I have read this question:
where S.Mcgrew says:
Edit 8/10/18 Bottom line: you're right that wave function collapse violates the principle of causality. The term "measurement problem" encompasses that issue. This article discusses the measurement problem, but does not provide clear explanations. This paper: dives into the philosophical aspects of various approaches to resolving the measurement problem, but is a difficult read. The frustration of trying to come up with an intuitively satisfying interpretation has led to the "stop worrying about it and just do the math" approach to quantum mechanics -- which works, but doesn't fulfill our desire to understand what the math means. End edit
where Jasper says:
Most importantly, it is important to realize that instantaneous is meaningless in QM, since this can never be accurately determined. To determine a change in a system requires two measurements, which themselves take time to complete. In this way it is impossible to say when things "exactly" occurred. That being said, in QM you can determine the time-scale over which the dynamics occurs.

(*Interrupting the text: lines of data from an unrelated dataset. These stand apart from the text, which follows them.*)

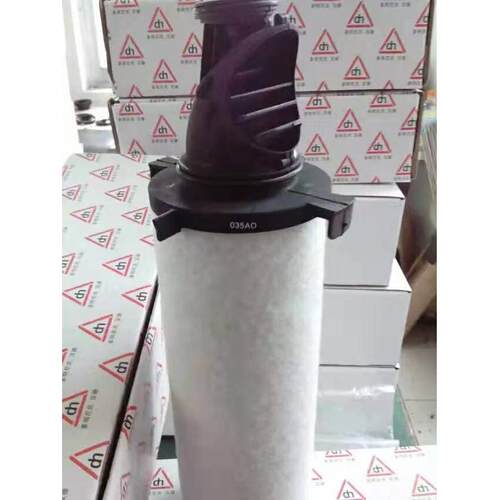 DH多米尼克滤芯040 045 050 055AO AA AX ACS AAR高效除油水OIL-X
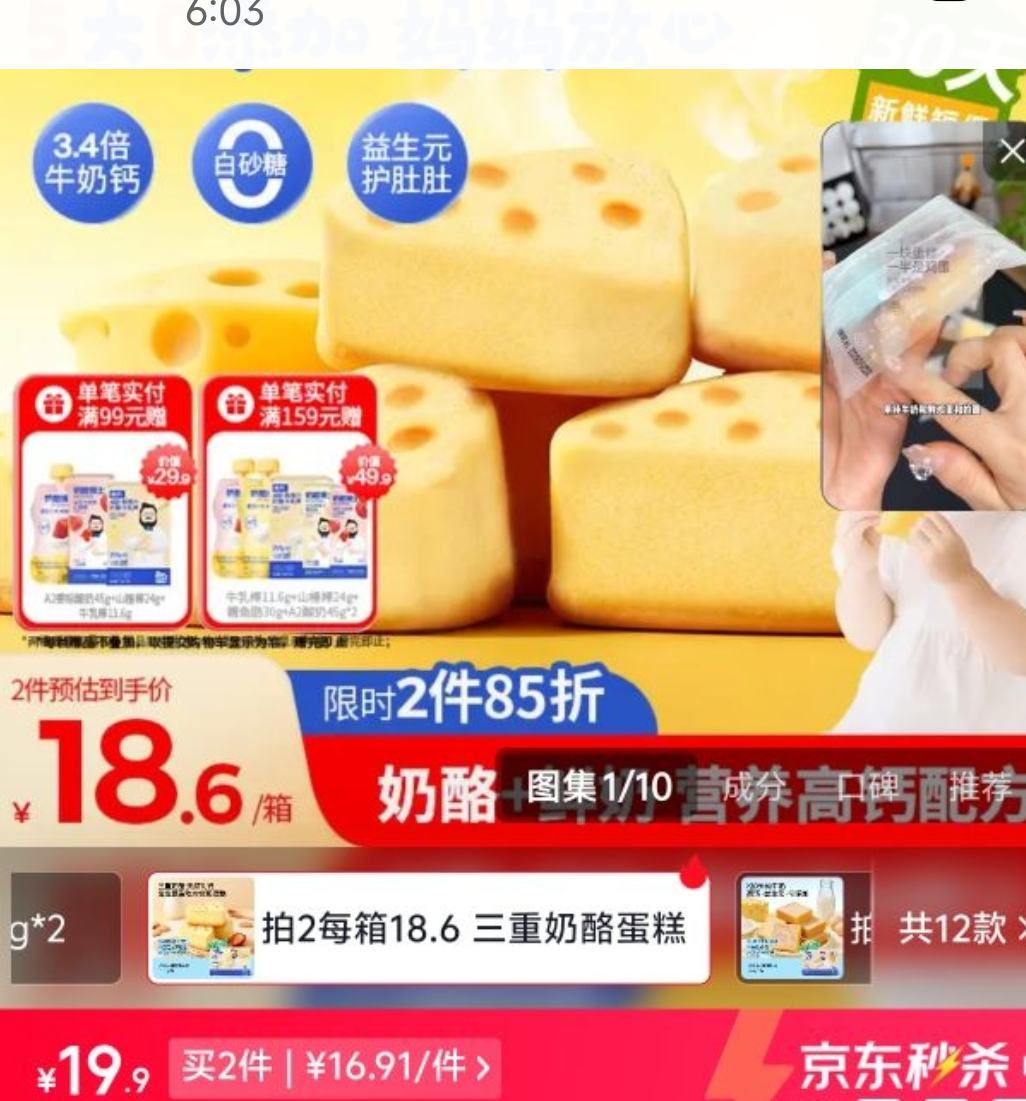 奶酪博士高钙三重奶酪宝宝蛋糕210g 33.83元 - 线报酷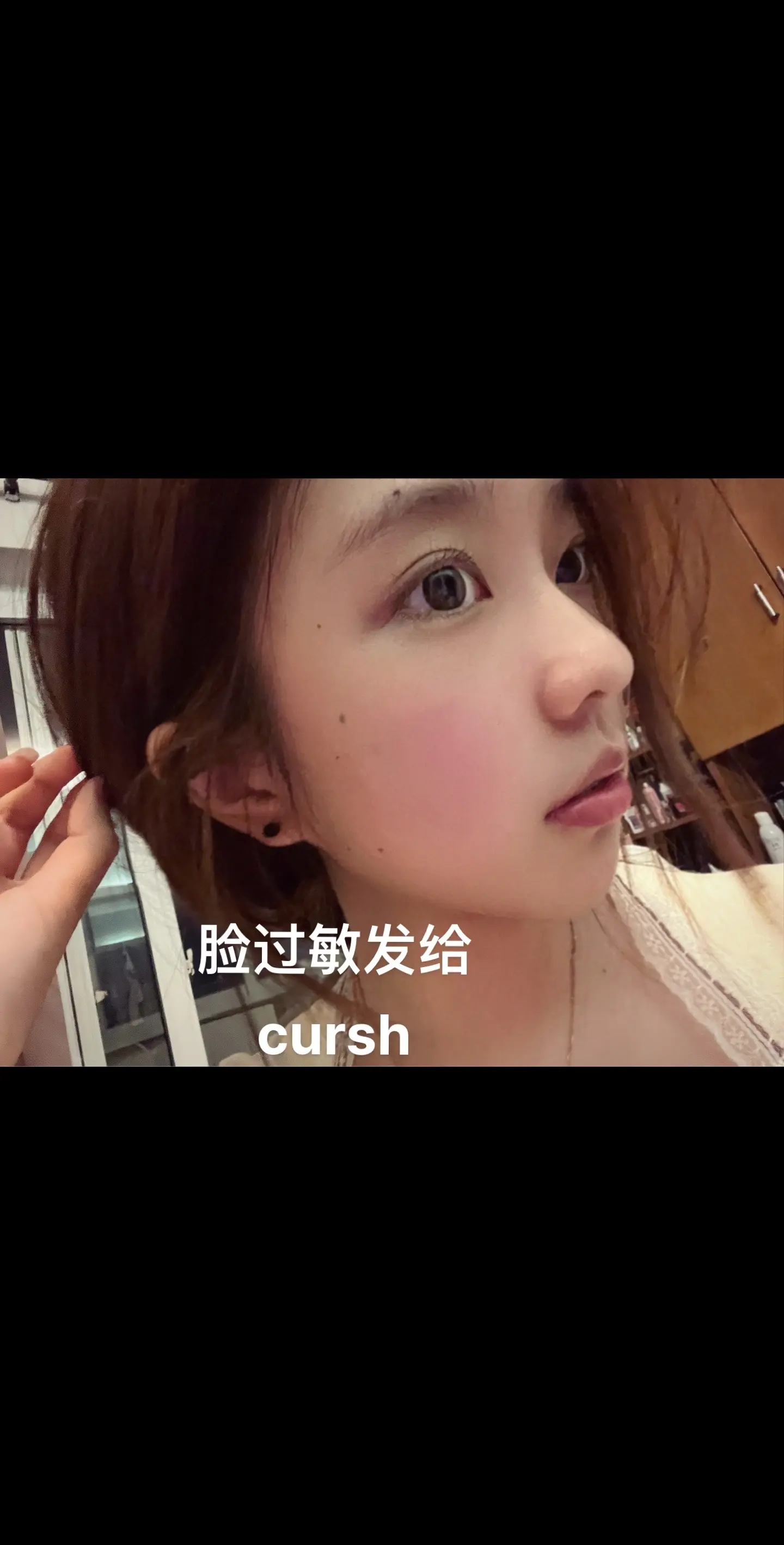 crush  素颜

Now causality is where a process (cause) that contributes to another process, an effect. Causes all lie in the past, and effects in the future.
Now I suppose that wavefunction collapse is when a wave function (in a superposition), appears to reduce to a single eigenstate, due to interaction with the external world (observation).
Now I have not found why wave function collapse (that is, apparent reduction to a single eigenstate) would violate causality.
- Why does wave function collapse violate causality?